[INSTRUCTIONS TO FOLLOW] Output only the lines below that start at the line containing "OLD 'BRASSO' ADVERTISING" and end at the line containing "Creator: Unknown Framed", with both ends kept.

[THE DATA]
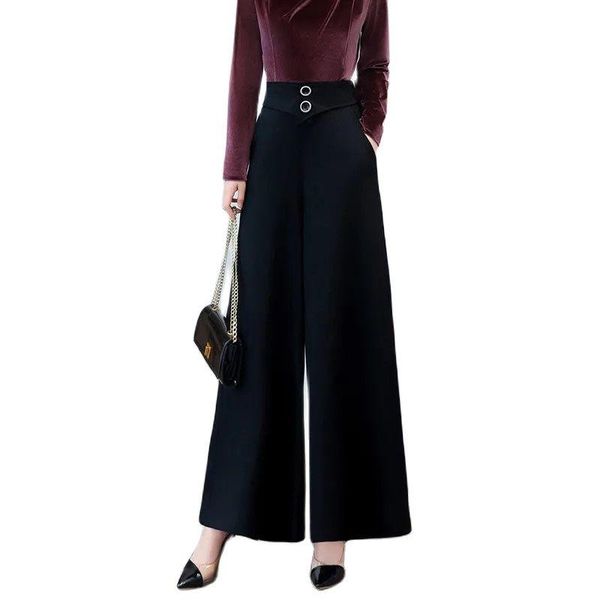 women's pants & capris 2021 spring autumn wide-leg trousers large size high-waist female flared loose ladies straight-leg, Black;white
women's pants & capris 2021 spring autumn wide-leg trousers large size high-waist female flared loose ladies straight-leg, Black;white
==
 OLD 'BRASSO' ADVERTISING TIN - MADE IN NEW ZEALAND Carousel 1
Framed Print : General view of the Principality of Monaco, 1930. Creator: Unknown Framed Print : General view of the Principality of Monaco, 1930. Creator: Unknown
* * *
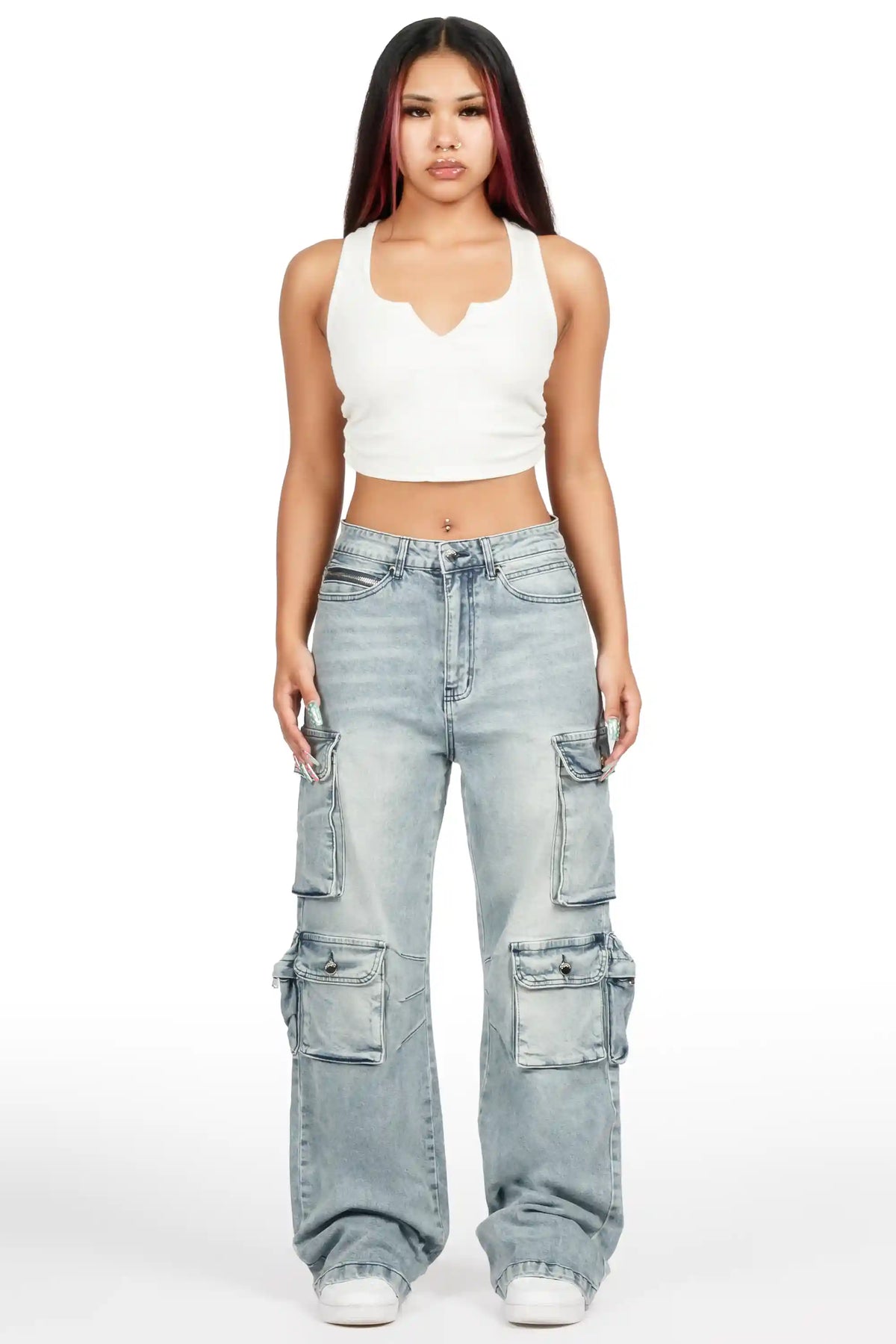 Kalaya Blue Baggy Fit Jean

[EXPECTED OUTPUT]
 OLD 'BRASSO' ADVERTISING TIN - MADE IN NEW ZEALAND Carousel 1
Framed Print : General view of the Principality of Monaco, 1930. Creator: Unknown Framed Print : General view of the Principality of Monaco, 1930. Creator: Unknown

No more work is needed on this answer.